When a dancer makes a misstep, when a presenter stumbles on an expression, when a skater falls during a jump, when a leader cites an incorrect statistic, there’s nothing they can do in the moment to make the error disappear. The sickening feeling of failing with an audience watching can undermine what happens next in the performance and linger even after the event is concluded. The only real choice is to move on and recapture the confidence to execute for the remainder of the performance.
By intentionally forgetting, we don’t allow our minds to fixate on the negative. This eliminates the interference the error causes in our ability to perform. It’s exceedingly hard to execute anything, much less a precise performance, with thoughts of prior failure in our head. What matters most is not what occurred, but what you chose to remember.

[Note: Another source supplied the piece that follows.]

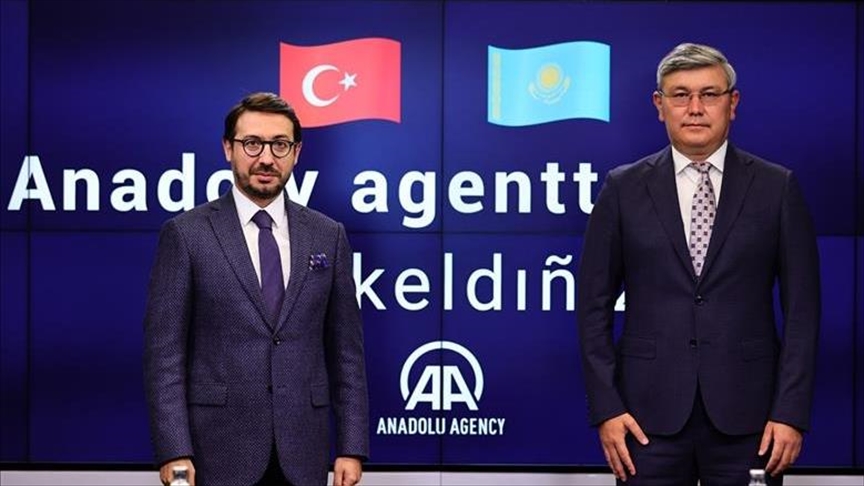 Посол Казахстана в Анкаре посетил офис агентства «Анадолу»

After the performance, it is equally important to forget. Selective memory is the ability to forget the negative, even to the point of misremembering it. Maintaining a confident self image is largely about accentuating your positive memories and forgetting about everything else. As Garrison Keillor once said, “Sometimes you have to look in the eye of reality and deny it.” The mind can’t distinguish between what actually happened and what you chose to recall. Your imagination exerts a powerful force on what you do, so remember the best and forget the rest. The more you practice forgetting any mistake, large or small, the easier forgetting will become.
Sometimes, we perform best by forgetting. When we forget, we focus. Performance is short. Forgetting is long. Play the long game to perform at your best.
I agree with this strategy leading up to and during a performance, but I'm not sure about following the same strategy after the performance. I think it could lead to an inflated view of oneself and cause resistance to feedback. I think it is okay to reflect on a past performance, what went well, what did not go well. Think about those things that did not go well and figure out what was 'in your control' vs. 'outside of your control' and then come up with a plan to practice and get better on the things you can control. I think our fragile egos can handle this. The important part is to not beat yourself over failures or mistakes too long and not to tie your identity to external goals and outcomes.